Exercise directions: Starting with the line that contains "Local comercial en venta en Astillero (El)" and ending with the last line of the entries, repeat exactly those lines and nothing else, pictures excluded.

----

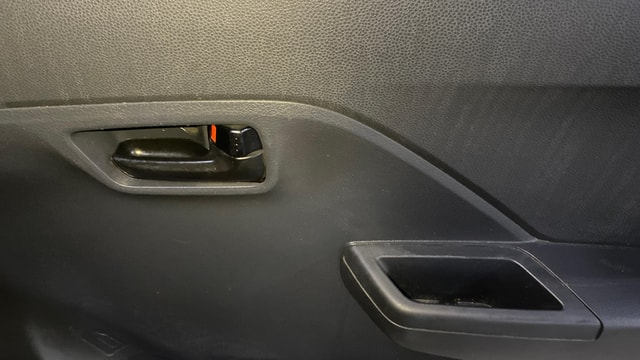 View Maruti Suzuki Alto K10 Image 37 Used Maruti Suzuki Alto K10 Image 37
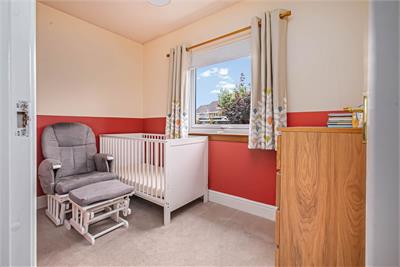 22 Mallard Grove, Dunfermline, KY11 8GJ - image 16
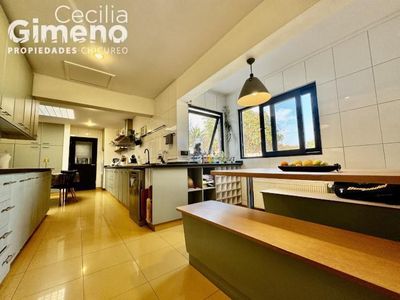 Imagen Interior Numero 8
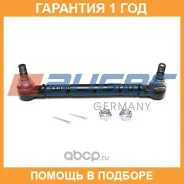 ������ ������������� Auger / 10464 �������� 12 ��� 10464 ����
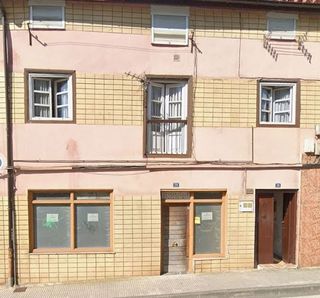 Local comercial en venta en Astillero (El)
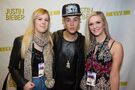 Manchester vip 2-22-13-37 0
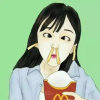 清欢渡的头像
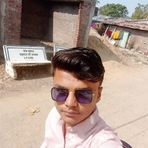 Hamza Patel - Facebook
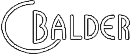      Balder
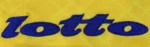 Parma 1998-99 Home Retro Jersey - Image 4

----

Exercise answer:
 Local comercial en venta en Astillero (El)
 Manchester vip 2-22-13-37 0
 清欢渡的头像
 Hamza Patel - Facebook
      Balder
 Parma 1998-99 Home Retro Jersey - Image 4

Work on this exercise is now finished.